Depending on when he started drinking and the amount it could have stiffled his maturation. I have followed your threads since the beginning and your husband comes across as an odd duck. I feel sorry for where you are at in life. He does not care and his odd behaviors are so immature. Let him go.


----------



## Unsure2621 (Mar 23, 2012)

Thanks Thorburn. I think that I lived with his behaviors for so long and he would always convince me that they were normal that I believe it now.
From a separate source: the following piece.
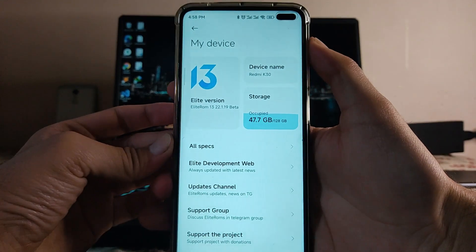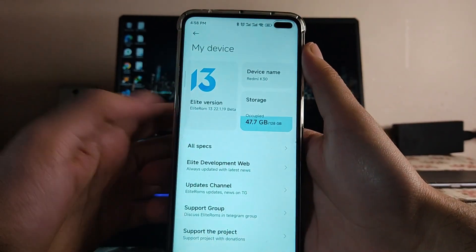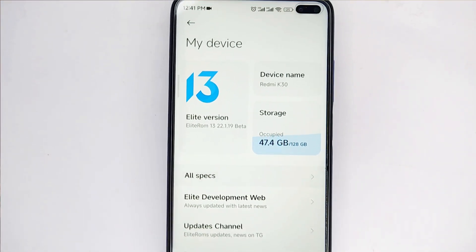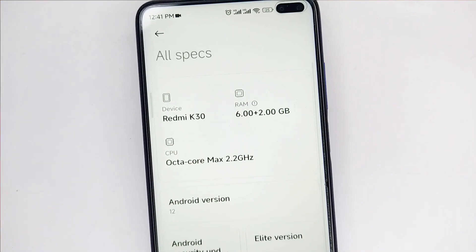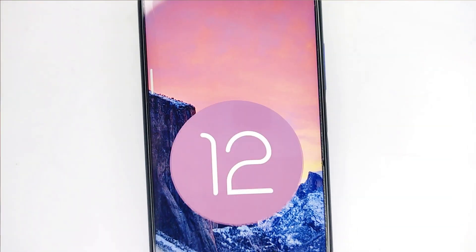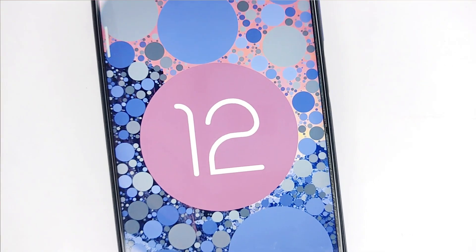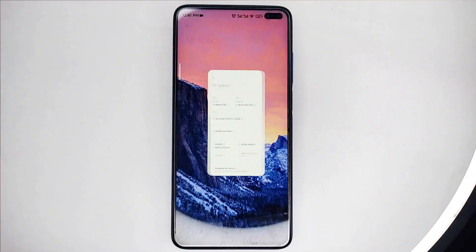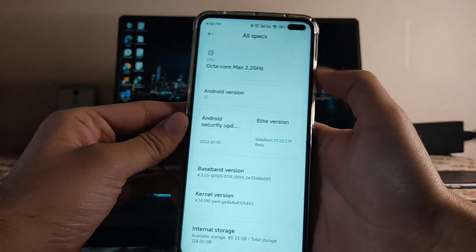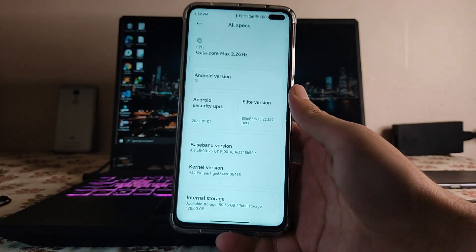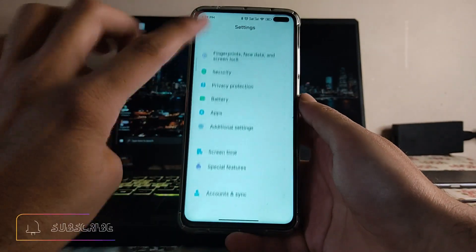The MIUI version here is 13, based on U22.1.19 beta. The specs show RAM 6 plus 2GB — the 2GB being virtual memory. We're running Android 12, and the security patch level is January 1st, which is a bit old, but it's running absolutely fine.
The OW is an odd duck too and I am pretty sure that is what attracted the two of them together because I am pretty "normal". I actually started beating myself up for not being more obscure because that's apparently what he wants at this point in his life. I saw a photo of her wearing cut-off shorts with fish nets under them and combat boots. It reminds me of something I would have worn when I was a teenager and going through the whole non-conformist angst stage. But I grew up. I think I need to remind myself that my behavior is the healthy and normal behavior not his. He is highly immature and walking out on his family to hunt ghosts with his OW is glaring evidence of that. 
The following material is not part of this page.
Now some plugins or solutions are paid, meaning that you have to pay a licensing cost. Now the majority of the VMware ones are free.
When we first moved in together I was 18. He was drinking then and he has drank every night ever since. We have been together for 14 years. I don't know why I ever put up with that. He would always convince me that it wasn't a big deal and I would just let it go. Then like I said in May he had an episode and was not the same after that. After that I started asking him "what's wrong?" all the time. Something was clearly wrong - but he always told me that it had nothing to do with me.

I do need to let him go. I think I am missing "what could have been." not what actually was. I was always the stable one.

I'm just messed up all around. I need counseling.


----------



## Pit-of-my-stomach (Nov 2, 2010)

Please understand, you are not going to reason with him. Your logic is useless. 
Please get out of the way. Allow the natural consequences of his actions to happen. If your out of the picture, when those consequences hit, he won't have you standing there to blame. Stop communicating with him other than absolutely nessasary. When you do speak with him keep it brief and professional. 

Step back. He made his choice, allow him to live with it.


----------



## Unsure2621 (Mar 23, 2012)

Thanks PIT I need that reminder. I don't know how I slipped back into a conversation with him. I was talking about our daughter and then we were on to it again. And he clearly doesn't want to talk to me. So I am just being pathetic. I honestly don't know if he can get much lower than he actually is. I'm amazed by how far he has fallen in such a short time.

The more this unravels the more I understand that this is about him and not me. He's an absolute mess.


----------



## jinba (Apr 26, 2012)

Sadly it doesn't sound to me like he cares about spending any quality time with your daughter - his loss. You've done what you can to let him know how she's feeling and how upset she is. Now it's up to him to repair his relationship with her - you can't do it for him. 

He may fail miserably from your perspective, but so be it. Just do the best you can to build a close relationship with your daughter. Let her know you're not going anywhere - that you love her - and that you'll always be there for her.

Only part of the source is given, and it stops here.